> _Description of the task_
Please write out the entire listing below exactly, excluding its pictures.

> _Available data_
+--

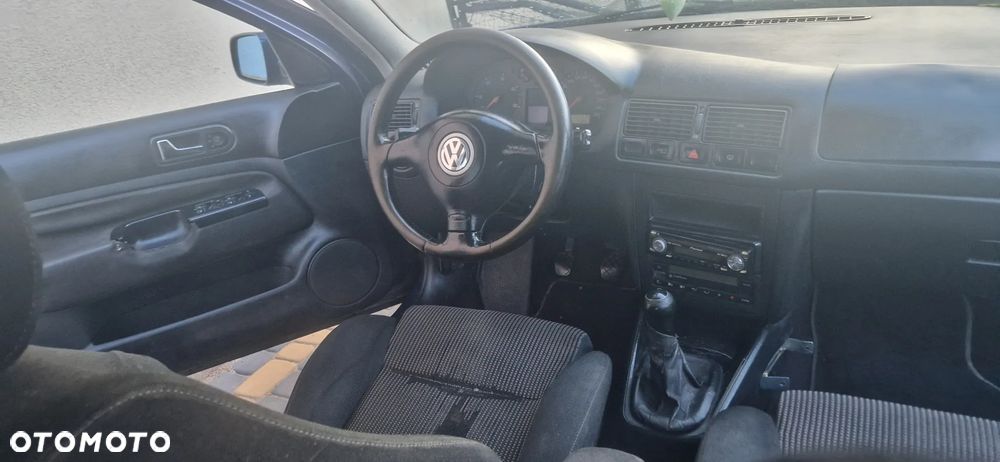Volkswagen Golf 1.9 TDI - 6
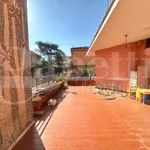 Rent 5 bedroom apartment of 200 m² in Roma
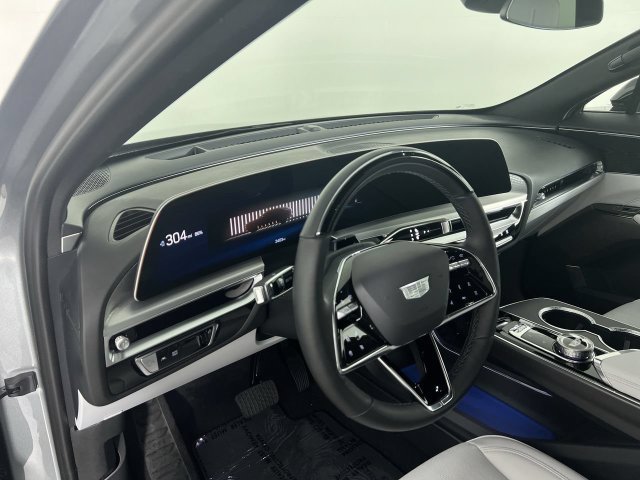 Used 2026 Cadillac Lyriq Luxury AWD/4WD image 10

+--

> _Response box_
Volkswagen Golf 1.9 TDI - 6
 Rent 5 bedroom apartment of 200 m² in Roma
 Used 2026 Cadillac Lyriq Luxury AWD/4WD image 10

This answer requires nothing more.